For the material below, return exactly the lines starting at the line containing "Tổng Kết Chương" and ending at the line containing "动物园 小/中号（LZ） 商品图6", both ends included, and no others.

• [Working data]:
________________
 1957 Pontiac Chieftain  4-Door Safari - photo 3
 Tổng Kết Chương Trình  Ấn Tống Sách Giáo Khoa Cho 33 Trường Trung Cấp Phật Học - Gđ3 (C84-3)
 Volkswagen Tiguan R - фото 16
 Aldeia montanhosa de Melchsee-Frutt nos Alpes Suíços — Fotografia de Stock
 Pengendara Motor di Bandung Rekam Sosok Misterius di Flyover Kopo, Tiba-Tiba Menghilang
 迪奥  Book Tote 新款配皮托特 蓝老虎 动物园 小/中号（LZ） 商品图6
________________
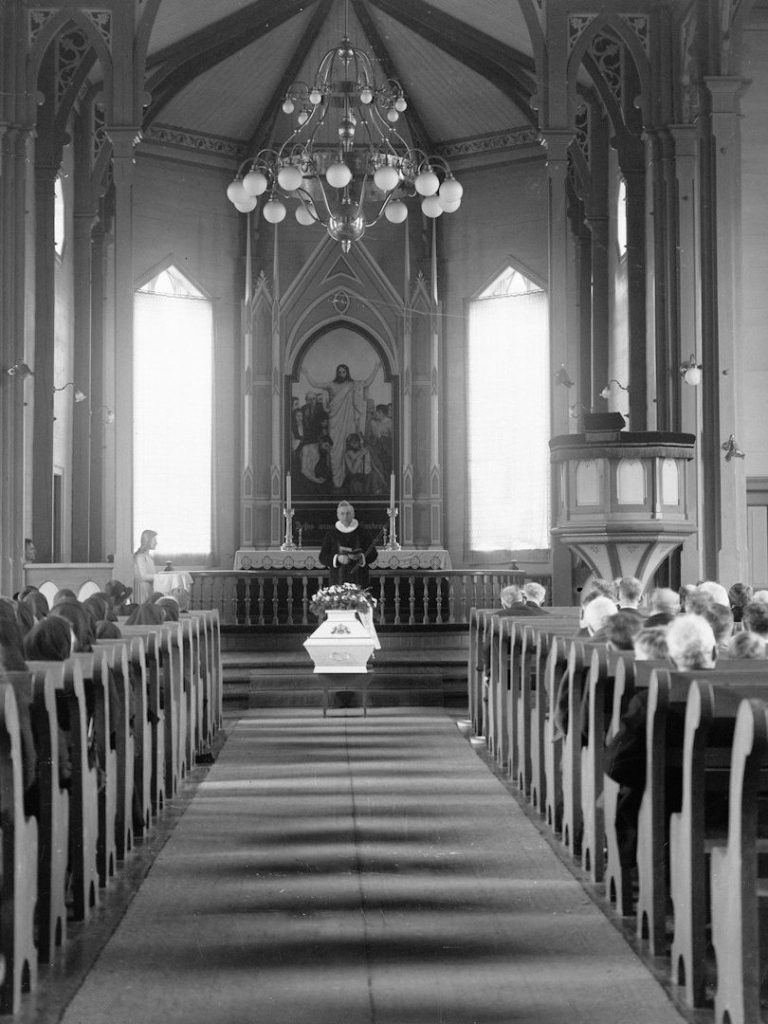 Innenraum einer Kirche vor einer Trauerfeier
________________
• [Written solution]:
 Tổng Kết Chương Trình  Ấn Tống Sách Giáo Khoa Cho 33 Trường Trung Cấp Phật Học - Gđ3 (C84-3)
 Volkswagen Tiguan R - фото 16
 Aldeia montanhosa de Melchsee-Frutt nos Alpes Suíços — Fotografia de Stock
 Pengendara Motor di Bandung Rekam Sosok Misterius di Flyover Kopo, Tiba-Tiba Menghilang
 迪奥  Book Tote 新款配皮托特 蓝老虎 动物园 小/中号（LZ） 商品图6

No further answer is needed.